May 10 (Bloomberg) -- -- Japan’s government bonds tumbled as 10-year yields headed for their biggest jump since 2008, after the yen weakened below 101 per dollar and a surge in equities damped demand for the relative safety of debt.
Benchmark yields touched the highest level in almost three months after the Standard & Poor’s 500 Index of U.S. shares reached a record this week and Treasury rates increased. A Federal Reserve Bank president said he would favor reducing the Fed’s debt purchases next month. The Tokyo Stock Exchange temporarily halted bond futures trading after prices tumbled.
“Japan’s bonds are being sold amid gains in Treasury yields in addition to yen weakness and higher stocks,” said Daisuke Uno, the Tokyo-based chief strategist at Sumitomo Mitsui Banking Corp., a unit of Japan’s second-largest bank by market value. “A selling catalyst is speculation the Federal Reserve will reduce asset purchases.”
The yield on the benchmark 10-year note rose nine basis points to 0.68 percent at 4:10 p.m. in Tokyo, after climbing as high as 0.7 percent, the most since Feb. 25, according to Japan Bond Trading Co., the nation’s largest interdealer debt broker. The rate was set for its biggest one-day increase since September 2008. A basis point is 0.01 percentage point.
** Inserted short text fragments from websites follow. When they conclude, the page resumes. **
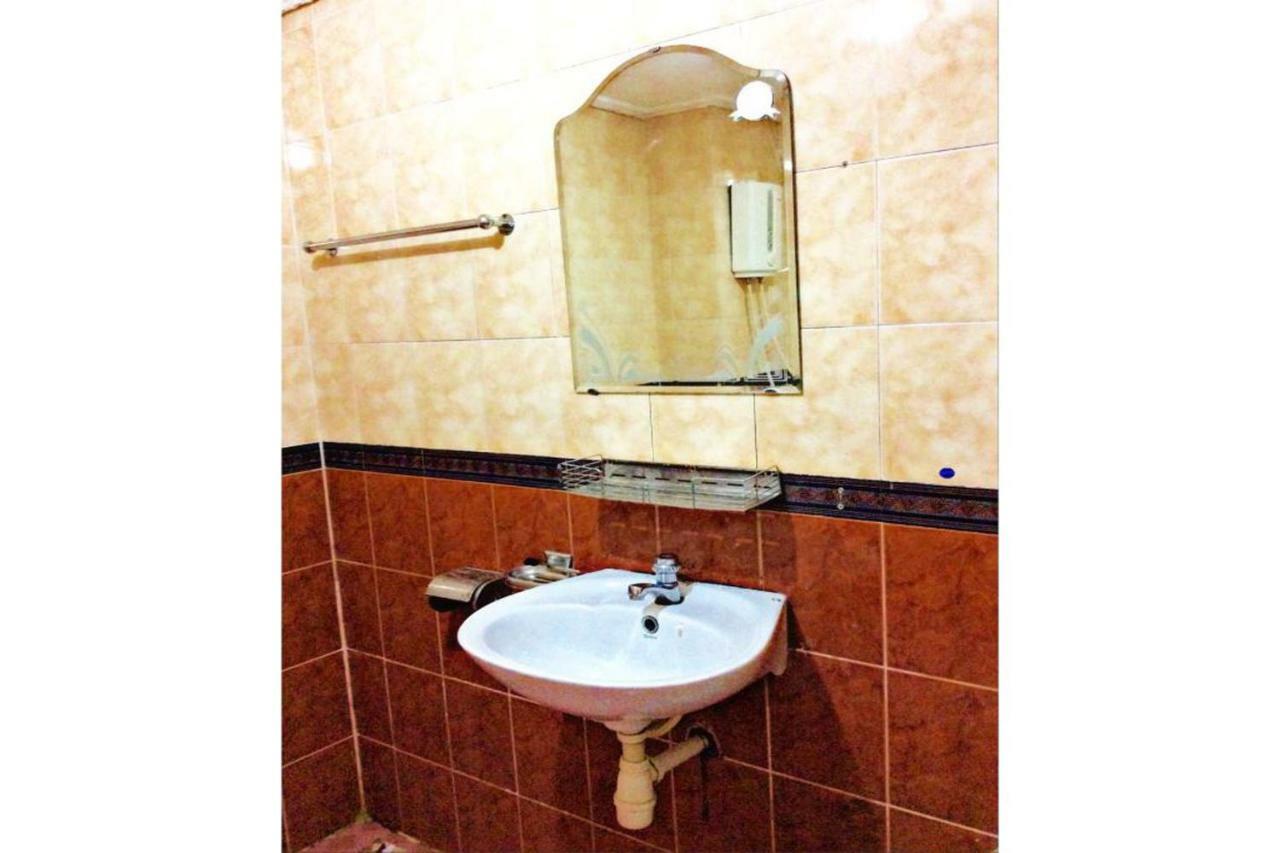 הו צ'י מין סיטי Hoang Yen Guesthouse מראה חיצוני תמונה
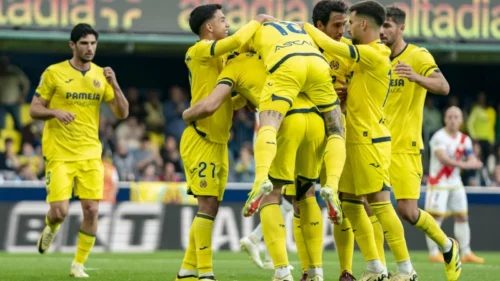 Kde sledovat Villarreal vs Celta Vigo: La Liga live zdarma a v TV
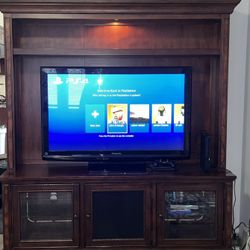 TV stand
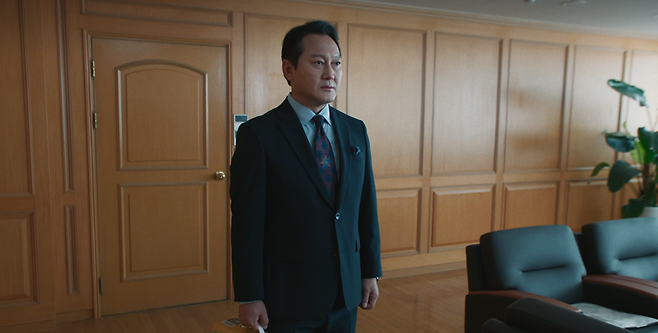 JTBC 토일드라마 ‘굿보이’ 캡처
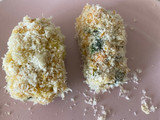 Nugget de verduras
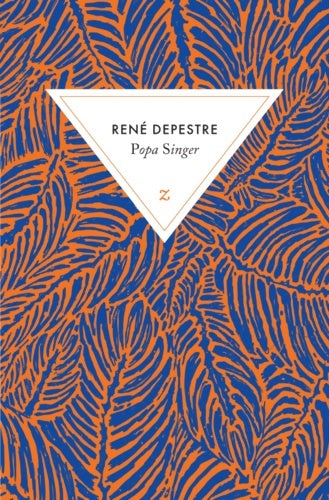 Livrenpoche : Popa singer - René Depestre - Livre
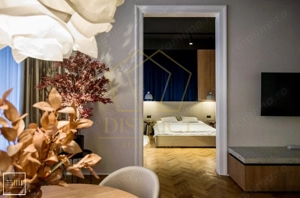 Apartament superb cu 3 camere | Cladire Istorica | Iosefin - imagine 6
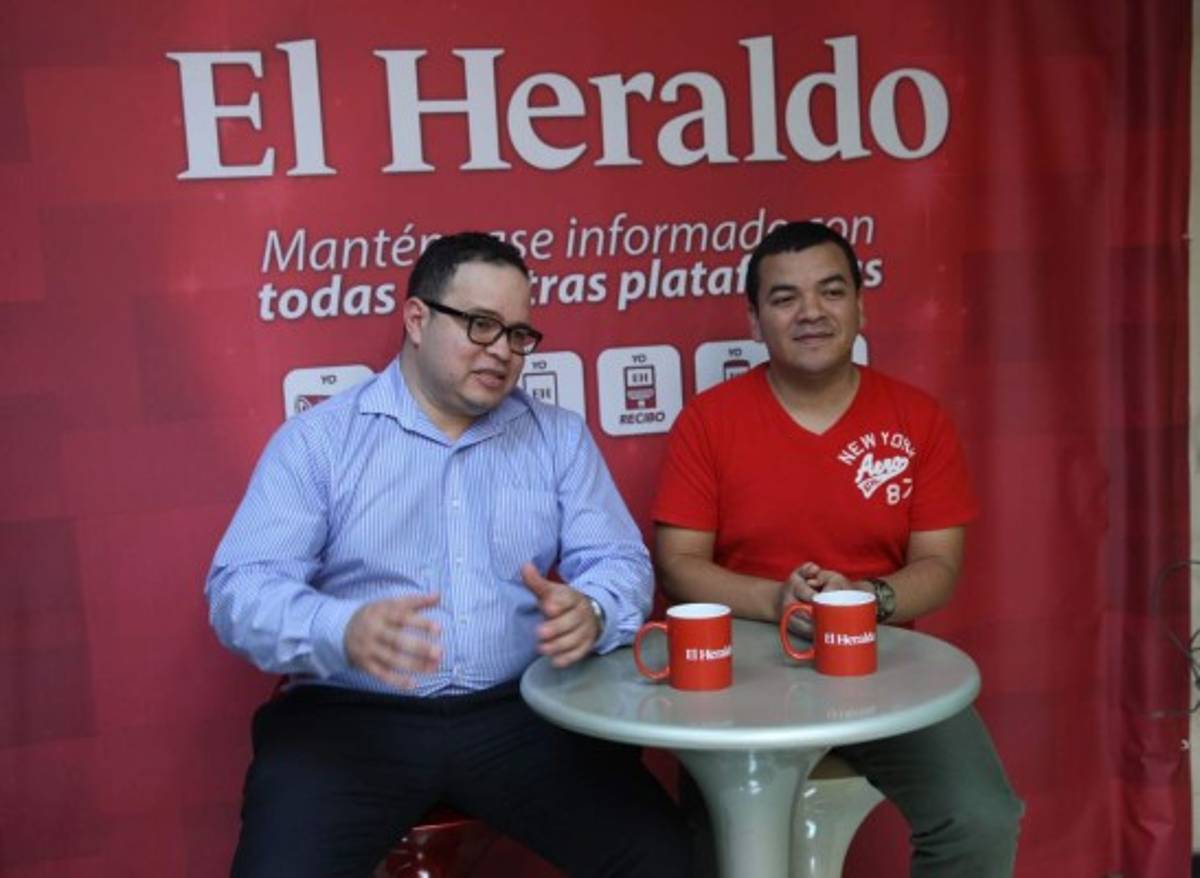 'El guión es el corazón de una producción”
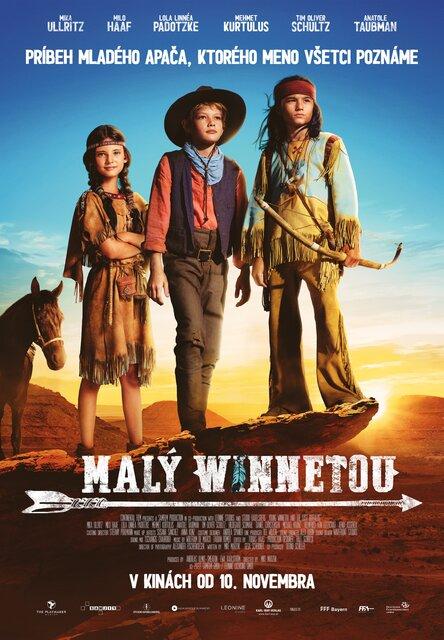 Malý Winnetou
Thirty-year rates gained 5 basis points to 1.71 percent, while 20-year yields increased 5 1/2 basis points to 1.565 percent. Five-year rates added 5 basis points to 0.275 percent.
Ten-year bond futures for June delivery slid 1.02 to 143.70 after earlier slumping to 143.43, the least since April 11. Trading was halted for about 10 minutes after the Tokyo Stock Exchange issued a circuit breaker due to price fluctuations.
The yen dropped 0.5 percent to 101.04 per dollar after earlier touching 101.2, the weakest since April 6, 2009. The Topix Index of Japanese shares added 2.4 percent to close at 1,210.60 in Tokyo, the highest since September 2008.
Overseas investors cut their holdings of JGBs by 3.94 trillion yen ($39 billion) in March, the most in three years, according to a report today from the Ministry of Finance.
Separate ministry data showed Japanese money managers acquired a net 514.3 billion yen of overseas bonds and notes in the two weeks ended May 3. They had cut holdings of these securities in the six weeks through April 19, the longest run of net sales since January 2010.
Japanese debt has lost 4.7 percent in dollar terms since the Bank of Japan announced an expansion of monetary stimulus on April 4, according to a Bank of America Merrill Lynch index.
In the U.S., Fed Bank of Philadelphia President Charles Plosser said unemployment will probably fall to 7 percent at the end of 2013 and he would favor reducing the central bank’s $85 billion monthly pace of bond purchases next month.